Concursos: tire dúvidas sobre nomeação de candidatos aprovados

009_Lia_Salgado_G1_26-04-2016Na coluna de vídeo desta semana, a especialista Lia Salgado tira dúvidas dos internautas sobre a nomeação de candidatos aprovados em concursos. A colunista esclarece se existe um prazo ou data limite para a convocação para a posse.

No Paraná

“Passei num concurso público do estado do Paraná em 2014, que foi homologado em 04 de julho de 2014, e em setembro foram feitos os exames médicos.
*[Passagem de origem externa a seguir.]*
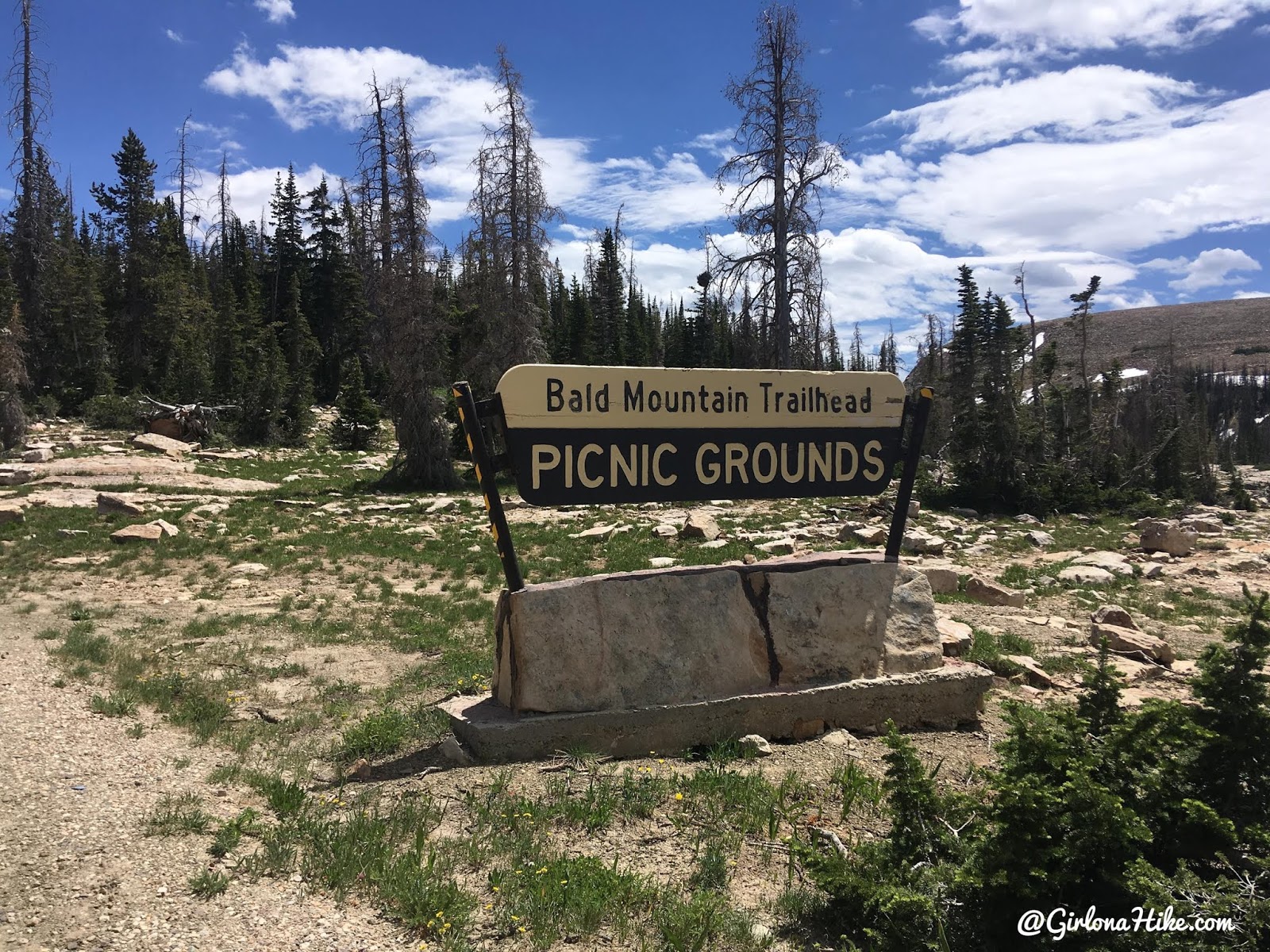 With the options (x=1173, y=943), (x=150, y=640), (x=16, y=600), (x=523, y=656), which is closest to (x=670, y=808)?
(x=523, y=656)

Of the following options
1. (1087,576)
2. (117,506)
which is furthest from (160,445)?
(1087,576)

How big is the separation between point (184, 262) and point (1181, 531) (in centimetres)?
5928

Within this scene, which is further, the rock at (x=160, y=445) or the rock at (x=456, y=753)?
the rock at (x=160, y=445)

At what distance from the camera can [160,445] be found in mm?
27156

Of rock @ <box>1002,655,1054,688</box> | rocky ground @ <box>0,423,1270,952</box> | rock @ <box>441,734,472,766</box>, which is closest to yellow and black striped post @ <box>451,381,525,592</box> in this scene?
rock @ <box>441,734,472,766</box>

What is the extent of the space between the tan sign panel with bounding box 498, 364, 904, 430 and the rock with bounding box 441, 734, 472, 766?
2.36 m

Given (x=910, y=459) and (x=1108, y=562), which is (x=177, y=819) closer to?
(x=910, y=459)

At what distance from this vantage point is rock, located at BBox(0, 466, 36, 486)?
19797 mm

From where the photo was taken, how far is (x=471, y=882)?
375 cm

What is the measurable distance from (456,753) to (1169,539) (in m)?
17.8

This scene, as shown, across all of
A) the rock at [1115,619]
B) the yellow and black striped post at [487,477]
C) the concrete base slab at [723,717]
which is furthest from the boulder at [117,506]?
the rock at [1115,619]

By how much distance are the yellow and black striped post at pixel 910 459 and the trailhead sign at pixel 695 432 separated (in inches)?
5.3

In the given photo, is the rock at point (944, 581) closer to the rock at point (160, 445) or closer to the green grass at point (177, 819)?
the green grass at point (177, 819)

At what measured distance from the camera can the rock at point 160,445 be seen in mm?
26875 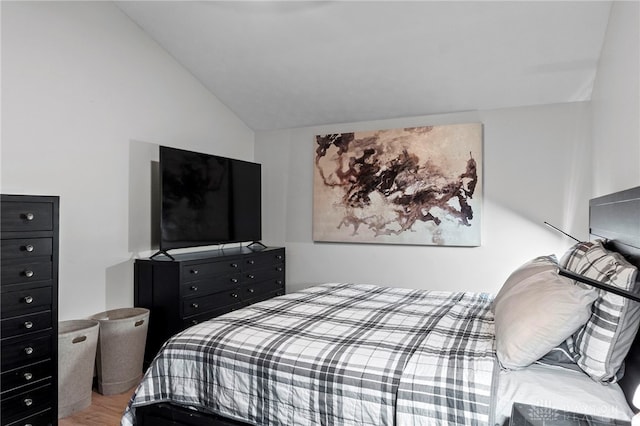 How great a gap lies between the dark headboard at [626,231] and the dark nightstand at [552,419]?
0.18 metres

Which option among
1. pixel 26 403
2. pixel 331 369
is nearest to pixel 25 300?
pixel 26 403

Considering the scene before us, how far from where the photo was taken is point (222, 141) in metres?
4.46

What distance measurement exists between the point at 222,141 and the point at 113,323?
7.42 feet

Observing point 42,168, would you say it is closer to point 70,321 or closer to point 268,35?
point 70,321

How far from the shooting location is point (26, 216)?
7.11 ft

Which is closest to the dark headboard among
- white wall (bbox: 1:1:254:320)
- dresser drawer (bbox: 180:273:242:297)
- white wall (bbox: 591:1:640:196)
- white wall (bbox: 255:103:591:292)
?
white wall (bbox: 591:1:640:196)

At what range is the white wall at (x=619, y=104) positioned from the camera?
2.02 meters

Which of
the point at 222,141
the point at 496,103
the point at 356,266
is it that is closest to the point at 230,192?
the point at 222,141

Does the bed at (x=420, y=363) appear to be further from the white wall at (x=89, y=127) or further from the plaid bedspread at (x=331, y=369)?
the white wall at (x=89, y=127)

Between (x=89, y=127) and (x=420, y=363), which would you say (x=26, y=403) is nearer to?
(x=89, y=127)

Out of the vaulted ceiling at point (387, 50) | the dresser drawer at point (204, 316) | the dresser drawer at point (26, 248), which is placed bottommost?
the dresser drawer at point (204, 316)

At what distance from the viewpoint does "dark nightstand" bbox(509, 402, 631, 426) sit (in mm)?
1166

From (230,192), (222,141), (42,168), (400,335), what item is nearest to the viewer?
(400,335)

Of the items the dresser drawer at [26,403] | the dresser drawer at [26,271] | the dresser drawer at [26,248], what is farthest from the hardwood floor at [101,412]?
the dresser drawer at [26,248] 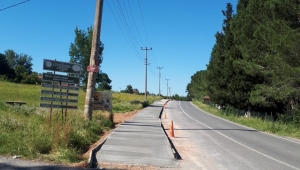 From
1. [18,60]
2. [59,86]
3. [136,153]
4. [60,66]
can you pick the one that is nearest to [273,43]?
[60,66]

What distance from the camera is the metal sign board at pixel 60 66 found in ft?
43.5

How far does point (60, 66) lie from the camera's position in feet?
44.5

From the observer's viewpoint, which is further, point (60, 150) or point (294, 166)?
point (294, 166)

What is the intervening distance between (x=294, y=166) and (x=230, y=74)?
2823 cm

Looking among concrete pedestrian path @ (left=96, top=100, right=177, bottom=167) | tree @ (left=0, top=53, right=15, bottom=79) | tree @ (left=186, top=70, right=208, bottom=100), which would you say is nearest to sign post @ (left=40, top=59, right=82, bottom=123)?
concrete pedestrian path @ (left=96, top=100, right=177, bottom=167)

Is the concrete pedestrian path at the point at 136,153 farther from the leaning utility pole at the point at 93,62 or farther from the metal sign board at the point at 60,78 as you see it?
the leaning utility pole at the point at 93,62

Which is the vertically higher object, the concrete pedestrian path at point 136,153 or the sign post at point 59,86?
the sign post at point 59,86

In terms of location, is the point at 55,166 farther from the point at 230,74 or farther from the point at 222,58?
the point at 222,58

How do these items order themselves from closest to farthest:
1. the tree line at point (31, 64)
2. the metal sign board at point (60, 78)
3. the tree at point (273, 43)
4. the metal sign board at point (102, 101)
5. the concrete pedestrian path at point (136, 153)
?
the concrete pedestrian path at point (136, 153), the metal sign board at point (60, 78), the tree at point (273, 43), the metal sign board at point (102, 101), the tree line at point (31, 64)

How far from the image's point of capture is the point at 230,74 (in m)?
37.2

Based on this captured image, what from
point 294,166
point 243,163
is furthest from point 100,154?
point 294,166

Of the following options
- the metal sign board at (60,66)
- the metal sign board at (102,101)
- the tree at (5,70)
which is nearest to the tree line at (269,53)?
the metal sign board at (102,101)

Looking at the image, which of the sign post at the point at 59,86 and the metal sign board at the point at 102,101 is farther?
the metal sign board at the point at 102,101

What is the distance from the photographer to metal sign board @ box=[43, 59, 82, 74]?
13.3m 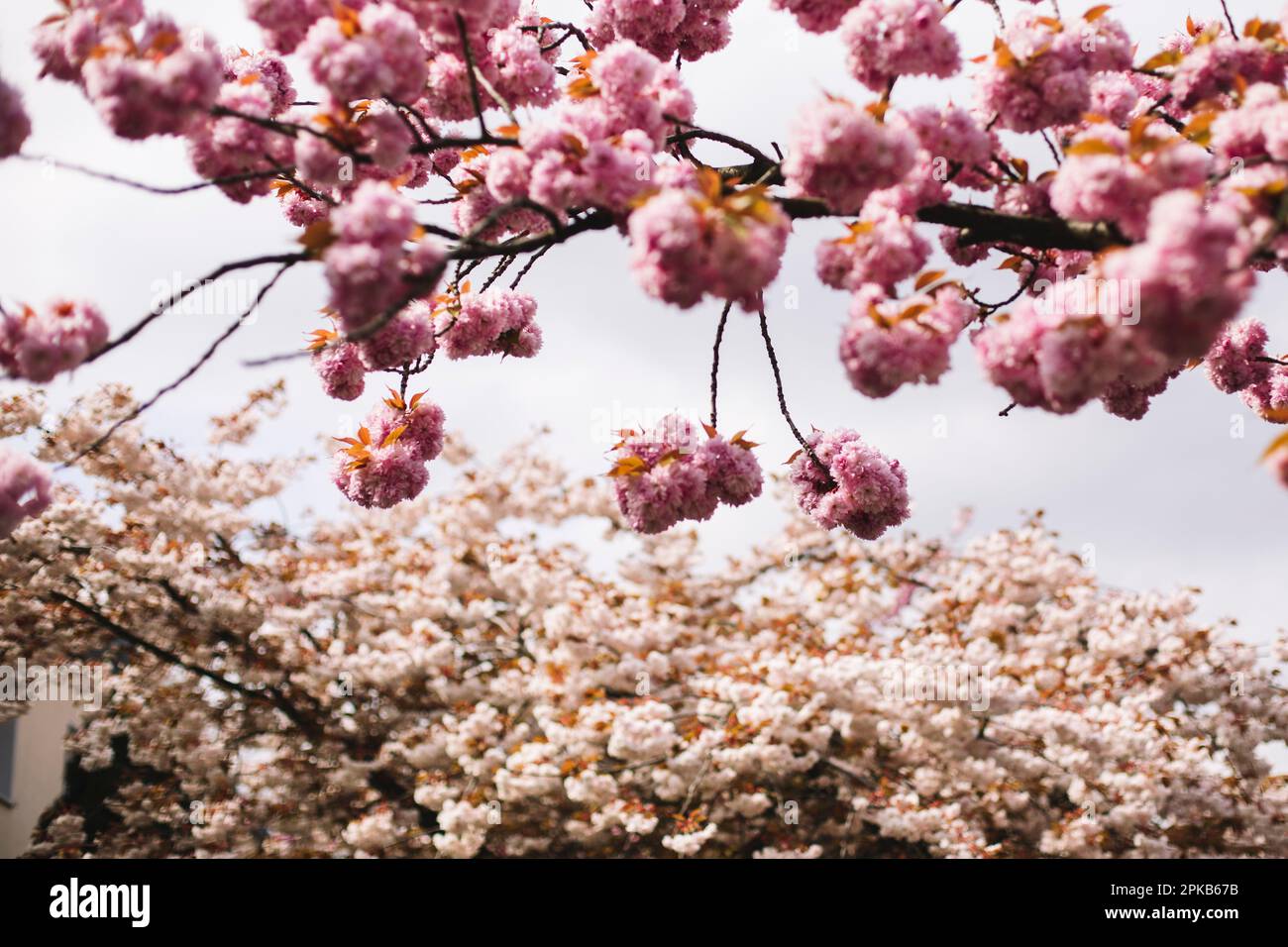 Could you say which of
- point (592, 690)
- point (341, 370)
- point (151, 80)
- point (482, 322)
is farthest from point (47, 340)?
point (592, 690)

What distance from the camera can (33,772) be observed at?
575 inches

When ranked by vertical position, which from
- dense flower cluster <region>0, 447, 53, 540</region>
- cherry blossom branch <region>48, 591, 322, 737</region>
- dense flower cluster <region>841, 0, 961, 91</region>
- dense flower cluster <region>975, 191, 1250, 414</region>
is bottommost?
dense flower cluster <region>975, 191, 1250, 414</region>

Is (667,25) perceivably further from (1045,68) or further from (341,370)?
(341,370)

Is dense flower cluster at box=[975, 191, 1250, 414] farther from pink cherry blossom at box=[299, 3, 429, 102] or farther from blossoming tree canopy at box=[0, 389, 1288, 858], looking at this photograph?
blossoming tree canopy at box=[0, 389, 1288, 858]

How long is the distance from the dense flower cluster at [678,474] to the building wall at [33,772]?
12694 millimetres

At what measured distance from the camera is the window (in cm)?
1359

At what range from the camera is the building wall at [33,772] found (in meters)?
13.6

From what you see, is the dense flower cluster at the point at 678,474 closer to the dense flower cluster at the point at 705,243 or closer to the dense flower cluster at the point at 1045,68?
the dense flower cluster at the point at 705,243

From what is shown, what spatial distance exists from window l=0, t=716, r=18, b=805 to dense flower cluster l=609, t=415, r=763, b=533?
14.0 m

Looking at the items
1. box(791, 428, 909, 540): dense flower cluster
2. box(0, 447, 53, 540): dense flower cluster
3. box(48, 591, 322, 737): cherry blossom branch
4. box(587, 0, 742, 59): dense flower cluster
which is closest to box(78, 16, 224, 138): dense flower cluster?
box(0, 447, 53, 540): dense flower cluster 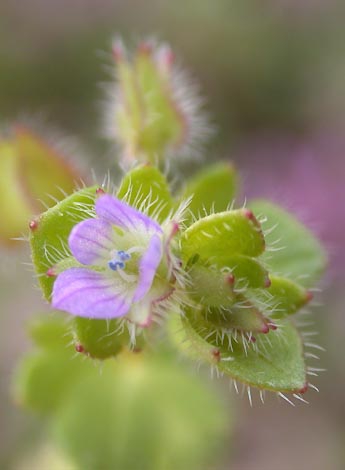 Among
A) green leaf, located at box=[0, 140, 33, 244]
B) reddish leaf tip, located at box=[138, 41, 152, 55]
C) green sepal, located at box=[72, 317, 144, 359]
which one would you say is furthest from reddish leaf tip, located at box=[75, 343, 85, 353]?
reddish leaf tip, located at box=[138, 41, 152, 55]

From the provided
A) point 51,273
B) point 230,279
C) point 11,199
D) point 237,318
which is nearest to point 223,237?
point 230,279

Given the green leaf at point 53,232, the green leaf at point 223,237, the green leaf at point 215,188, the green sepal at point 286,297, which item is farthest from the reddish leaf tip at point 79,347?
the green leaf at point 215,188

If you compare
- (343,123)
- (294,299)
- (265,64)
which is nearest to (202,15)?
(265,64)

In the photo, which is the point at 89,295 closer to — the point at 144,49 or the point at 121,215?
the point at 121,215

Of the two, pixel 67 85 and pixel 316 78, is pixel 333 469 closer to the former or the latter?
pixel 316 78

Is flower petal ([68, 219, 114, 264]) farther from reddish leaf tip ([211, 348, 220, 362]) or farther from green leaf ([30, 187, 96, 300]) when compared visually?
reddish leaf tip ([211, 348, 220, 362])

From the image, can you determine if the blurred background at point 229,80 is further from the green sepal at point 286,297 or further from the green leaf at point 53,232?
the green leaf at point 53,232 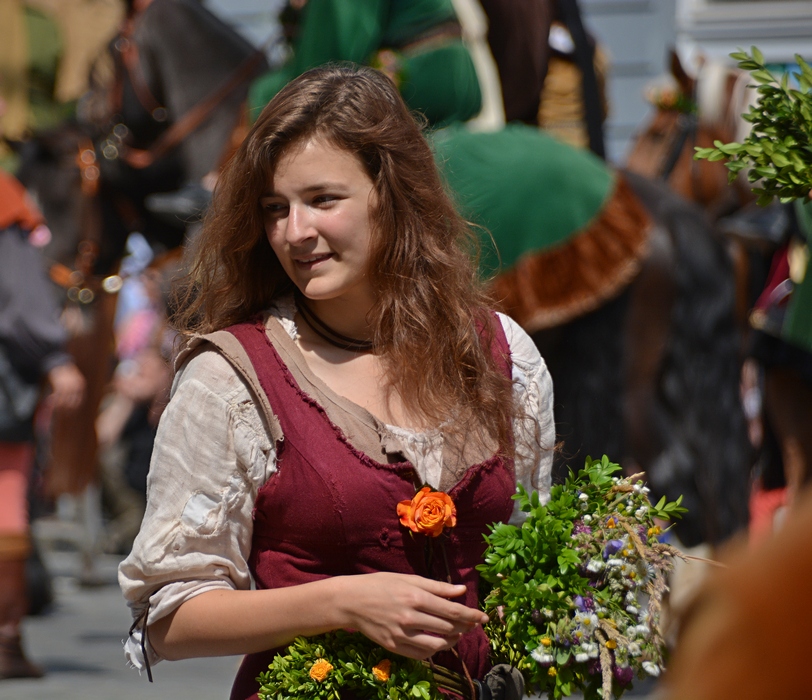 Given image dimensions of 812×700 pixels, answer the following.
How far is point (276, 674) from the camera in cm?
174

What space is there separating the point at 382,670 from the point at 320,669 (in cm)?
8

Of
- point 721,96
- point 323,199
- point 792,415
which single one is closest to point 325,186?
point 323,199

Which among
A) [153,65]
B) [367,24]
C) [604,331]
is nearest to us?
[367,24]

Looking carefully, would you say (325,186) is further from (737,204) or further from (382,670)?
(737,204)

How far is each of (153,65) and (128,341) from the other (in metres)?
3.39

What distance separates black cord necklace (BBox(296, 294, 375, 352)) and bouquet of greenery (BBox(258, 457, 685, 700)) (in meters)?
0.32

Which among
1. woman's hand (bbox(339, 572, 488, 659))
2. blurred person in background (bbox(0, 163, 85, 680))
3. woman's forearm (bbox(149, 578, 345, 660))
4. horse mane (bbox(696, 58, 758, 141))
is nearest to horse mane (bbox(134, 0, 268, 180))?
blurred person in background (bbox(0, 163, 85, 680))

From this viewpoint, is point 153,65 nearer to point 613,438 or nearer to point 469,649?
point 613,438

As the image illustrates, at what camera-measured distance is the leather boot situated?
16.5ft

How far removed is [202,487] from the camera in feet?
5.82

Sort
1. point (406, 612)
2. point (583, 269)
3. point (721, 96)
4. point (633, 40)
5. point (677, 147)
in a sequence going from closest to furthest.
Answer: point (406, 612)
point (583, 269)
point (721, 96)
point (677, 147)
point (633, 40)

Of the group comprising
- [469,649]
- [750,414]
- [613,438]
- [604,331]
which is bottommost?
[750,414]

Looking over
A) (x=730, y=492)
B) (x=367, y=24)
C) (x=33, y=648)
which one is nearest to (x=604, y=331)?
(x=730, y=492)

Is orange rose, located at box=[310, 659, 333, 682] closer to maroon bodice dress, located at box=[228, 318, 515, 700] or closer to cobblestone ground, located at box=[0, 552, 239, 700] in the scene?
maroon bodice dress, located at box=[228, 318, 515, 700] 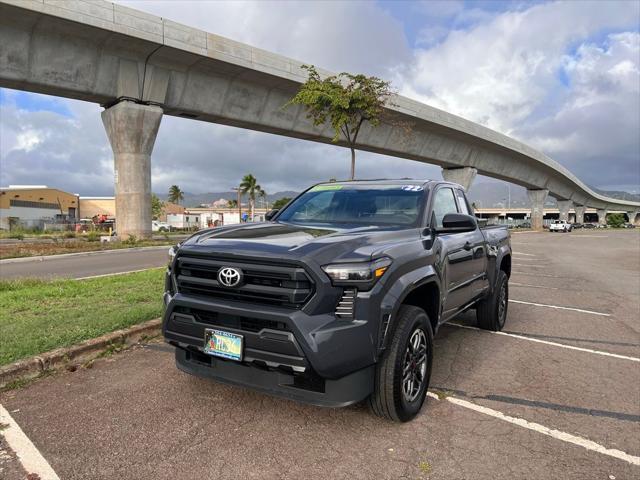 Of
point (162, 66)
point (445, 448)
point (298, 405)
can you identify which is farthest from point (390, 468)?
point (162, 66)

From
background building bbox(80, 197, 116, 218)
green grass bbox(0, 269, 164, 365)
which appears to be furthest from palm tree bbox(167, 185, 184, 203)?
green grass bbox(0, 269, 164, 365)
Existe prazo para nomeação após os exames? Outra dúvida: existe data limite do edital do resultado de escolha de vagas para o edital de nomeação? Ainda ninguém foi nomeado”, questiona Daniela Ragazzon.

Segundo Lia, o mais comum é que primeiro a nomeação seja publicada, depois os candidatos realizam os exames médicos, em seguida acontece a apresentação de documentos e perícia médica e somente depois é marcada a posse. “Há prazo legal entre a nomeação e a posse, em geral, de 30 dias, podendo ser prorrogado por mais 30, por solicitação do aprovado. O prazo é definido pela lei do servidor público de cada unidade da federação”, completa.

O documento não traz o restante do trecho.